The lira weakened for the first time in three days after the central bank offered funding at its lowest rate for the first time this week.
The Turkish currency depreciated 0.4 percent to 1.7943 per dollar at 10:06 a.m. in Istanbul, heading for the biggest decline in more than a week. The yield on two-year benchmark debt dropped three basis points, or 0.03 percentage point, to 9.39 percent.
The Ankara-based bank offered to lend at the lowest 5.75 percent rate in its daily one-week repo auctions after having withheld funding at this rate for the past five days, which resulted in a 1.1 percent appreciation of the lira. The bank offered 4 billion liras ($2.2 billion) in one-week repurchase agreements in today’s auction.
“It’s the return of the ‘normal day’ ahead of the rate decision but I do not think it should be interpreted as a signal of a change in monetary policy,” Murat Toprak, head of currency strategy for Europe, Middle East and Africa at HSBC Bank Plc, said in London. “The global market sentiment improved slightly and after several ‘exceptional days’ the central bank eases marginally its tight lending conditions.”
Turkey’s central bank varies its funding rate on a daily basis, maintaining borrowing costs within a 5.75 percent to 11.5 percent interest-rate corridor introduced last year.
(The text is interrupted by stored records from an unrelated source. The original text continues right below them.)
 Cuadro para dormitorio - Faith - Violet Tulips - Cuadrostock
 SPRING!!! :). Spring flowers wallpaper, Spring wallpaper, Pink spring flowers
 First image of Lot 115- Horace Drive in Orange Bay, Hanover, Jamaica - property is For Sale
Days when the bank does not lend at the 5.75 percent rate are considered “exceptional days” and the rest are called “normal days.” The most recent round of policy tightening began on April 11 after the lira weakened to a three-week low at 1.8177 per dollar during intraday trade.
The country’s Monetary Policy Committee will meet today and is forecast to leave its benchmark one-week repo rate unchanged at 5.75 percent, according to all 11 economists surveyed by Bloomberg.
Emerging-market stocks rallied the most in almost a week after the International Monetary Fund raised its global growth forecast and speculation grew China will ease monetary policy.